**Material for the task:**

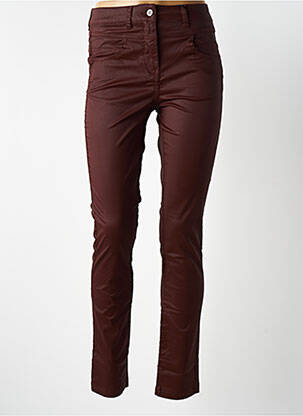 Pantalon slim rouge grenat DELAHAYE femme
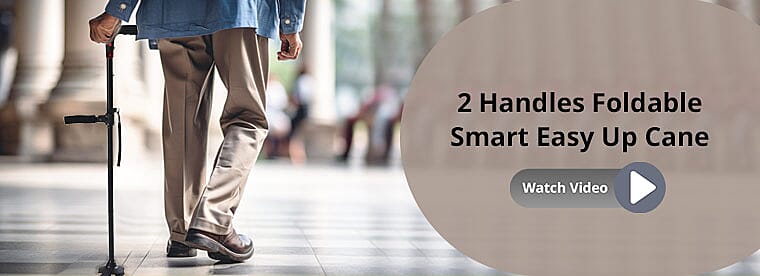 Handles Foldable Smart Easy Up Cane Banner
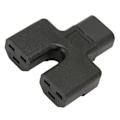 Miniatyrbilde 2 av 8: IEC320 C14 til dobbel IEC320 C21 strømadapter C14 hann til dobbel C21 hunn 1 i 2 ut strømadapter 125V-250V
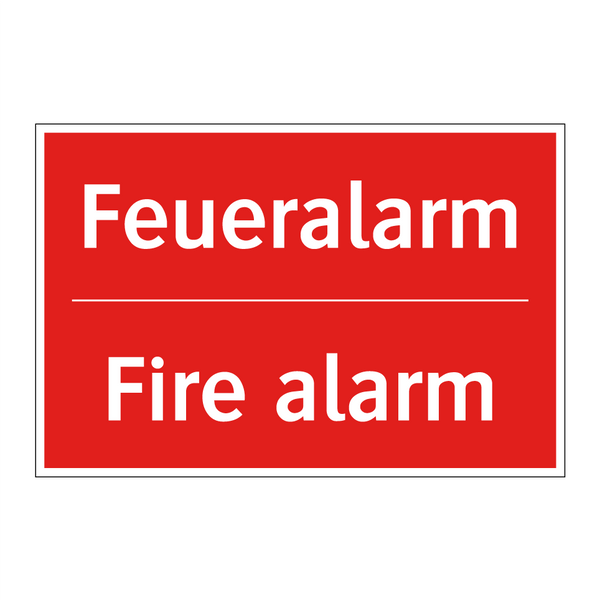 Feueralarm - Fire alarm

...

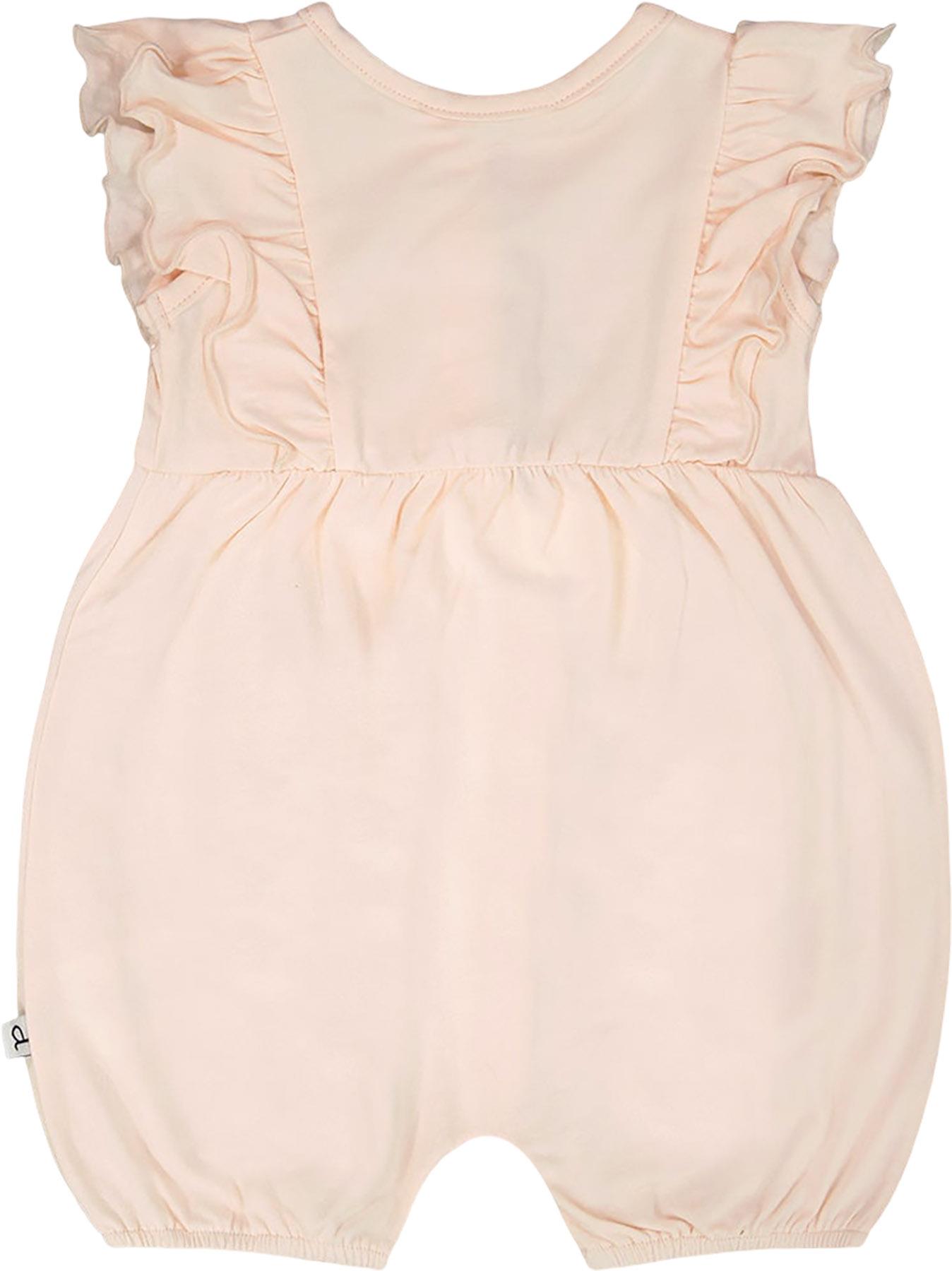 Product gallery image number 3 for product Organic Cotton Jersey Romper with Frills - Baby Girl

==

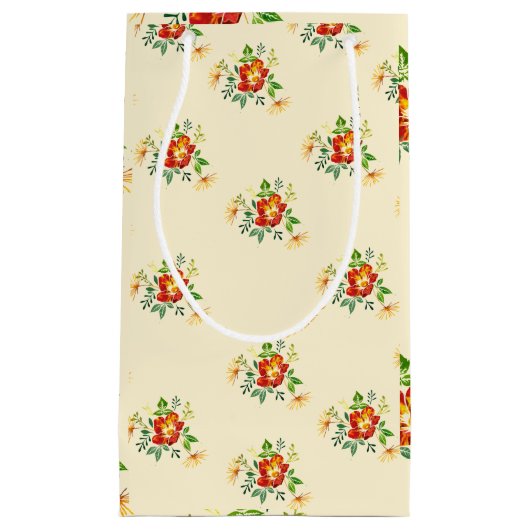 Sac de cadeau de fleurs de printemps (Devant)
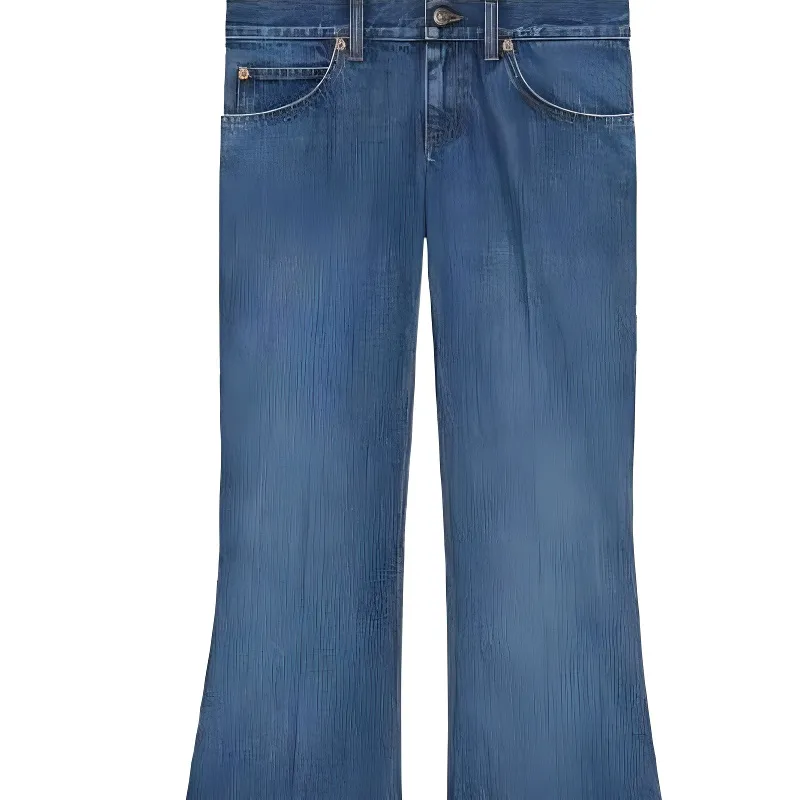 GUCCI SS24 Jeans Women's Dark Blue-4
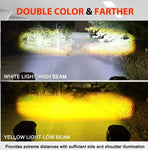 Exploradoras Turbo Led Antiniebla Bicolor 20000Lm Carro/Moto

**Problem statement:**
What are the lines in the records above, word for word, from the one containing "Pantalon slim rouge grenat DELAHAYE femme" through the one containing "Feueralarm - Fire alarm", both ends included and pictures left out?

**Output:**
 Pantalon slim rouge grenat DELAHAYE femme
 Handles Foldable Smart Easy Up Cane Banner
 Miniatyrbilde 2 av 8: IEC320 C14 til dobbel IEC320 C21 strømadapter C14 hann til dobbel C21 hunn 1 i 2 ut strømadapter 125V-250V
 Feueralarm - Fire alarm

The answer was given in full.